1 Introduction

Deep learning approaches are quickly becoming the machine learning technique of choice for many medical image analysis problems, e.g., image classification, segmentation, and registration [12]. The deep neural networks have a large capacity to learn directly from raw images. However, it is well known that these popular methods can quickly overfit the data, resulting in poor generalization. Thus, learning useful models generally requires training on very large datasets and using proper model validation techniques.

The large data requirement poses a challenge in analyzing many medical imaging datasets, in which only a small number of subjects may be available. For example, it may not be feasible to gather large amounts of data when studying a specific disease population or a new experimental treatment, or it may be difficult to obtain expert manual annotations of large datasets for training. Recent trends toward open science and data sharing have made larger medical imaging datasets more widely available, e.g., the ABIDE dataset for autism [2]; however, creating large datasets for every disease and medical imaging problem is clearly not possible. While some medical image analysis problems can handle smaller datasets by using patch-based approaches (e.g., in image segmentation [12]) to augment the amount of data, such methods are not as suitable for analyzing neurological data from functional magnetic resonance imaging (fMRI).

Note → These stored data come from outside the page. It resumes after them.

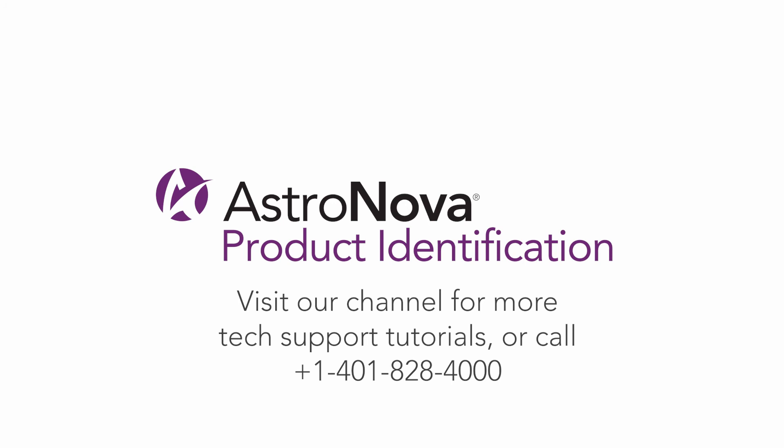Please visit our YouTube page for additional tech support tutorials. Thank you very much.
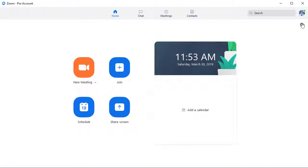Let me back up. I'm in my Zoom account on the desktop. I came over here and selected Settings — the gear to the right.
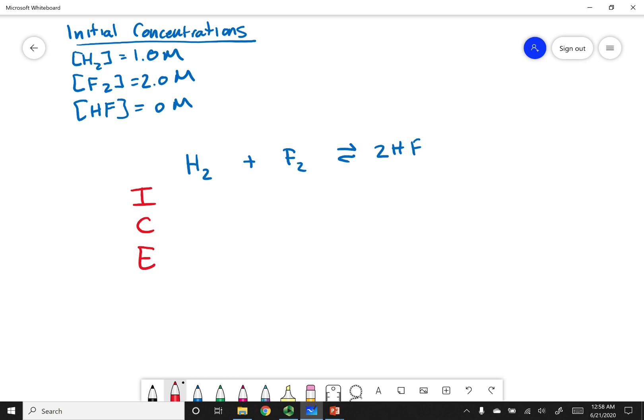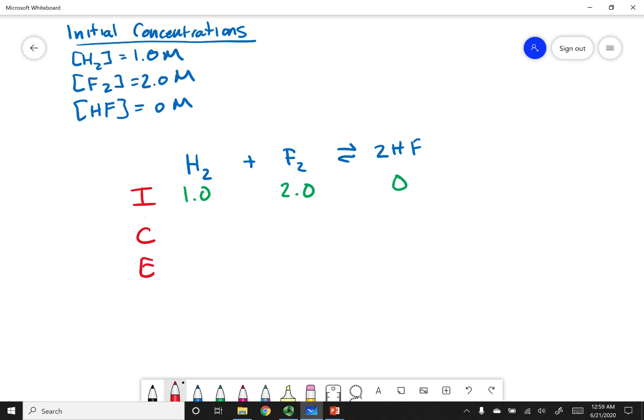I stands for initial concentrations. In this problem we're given: 1.0 molar of H2, 2.0 molar of F2, and 0 for HF. Be careful in book problems — if they don't mention a compound, you can automatically assume its concentration is 0.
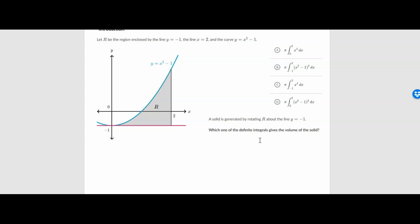It says: let R be the region enclosed by the line y equals negative 1 — that's the pink or purple line. The line x equals 2, that's the vertical line, and the curve y equals x squared minus 1. A solid is generated by rotating R around the line y equals negative 1. Our disks are still going to be perpendicular to the x-axis, because the line y equals negative 1 is horizontal. So our integral is going to be set up in terms of x.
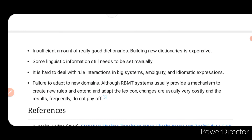Shortcomings — number one: insufficient amount of really good dictionaries; building new dictionaries is expensive. Number two: some linguistic information still needs to be set manually. Number three: it is hard to deal with rule interactions in big systems, ambiguity, and idiomatic expressions. Number four: failure to adopt new domains — although RBMT systems usually provide a mechanism to create new rules and extend and adapt the lexicon, changes are usually very costly and the results frequently do not pay off.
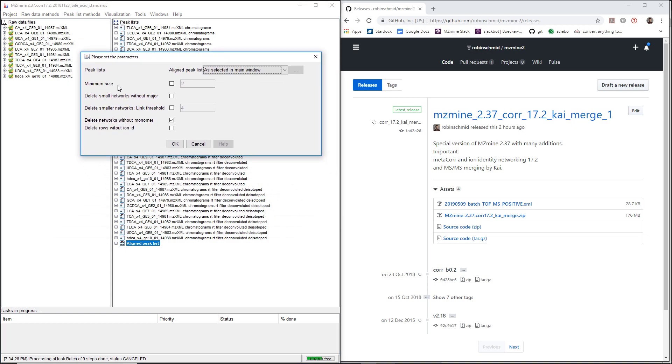With this, you just have the minimum size. I often tend to just go for the minimum size of three.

In this paper, we propose new strategies that facilitate learning more generalizable neural network models from small fMRI datasets. We first adopt a recurrent neural network with long short-term memory (LSTM) to generate predictions from a whole-brain parcellation of fMRI data. We then use resampling approaches to generate multiple summary time-series for each region in the parcellation, augmenting the original dataset. Next, we utilize available non-imaging variables to provide subject-specific initialization of the LSTM network. Finally, we describe a criteria for selecting the most generalizable model from many training instances on the same data using only training loss, allowing all available data to be used for model training. We apply the proposed strategies and compare them to other approaches to learn from task-fMRI for two small data examples: (1) a regression problem of predicting treatment outcome from 21 children with autism spectrum disorder (ASD), and (2) a classification problem of identifying autistic children vs. typical controls from a dataset of 40 subjects.

2 Methods

2.1 Base LSTM Architecture for fMRI

LSTMs and related architectures are designed to learn long-term dependencies in time-series data [7]. They have recently been applied to fMRI for modeling brain dynamics [6] and for classification [3]. In addition to the time dependent nature of the model, LSTMs are a nice neural network model specifically for small fMRI datasets, since an “unrolled” LSTM with T timesteps can be thought of as a deep network with T layers that share the same parameters across all the layers. This likely considerably reduces the number of model parameters that need to be learned compared to other standard deep neural network architectures.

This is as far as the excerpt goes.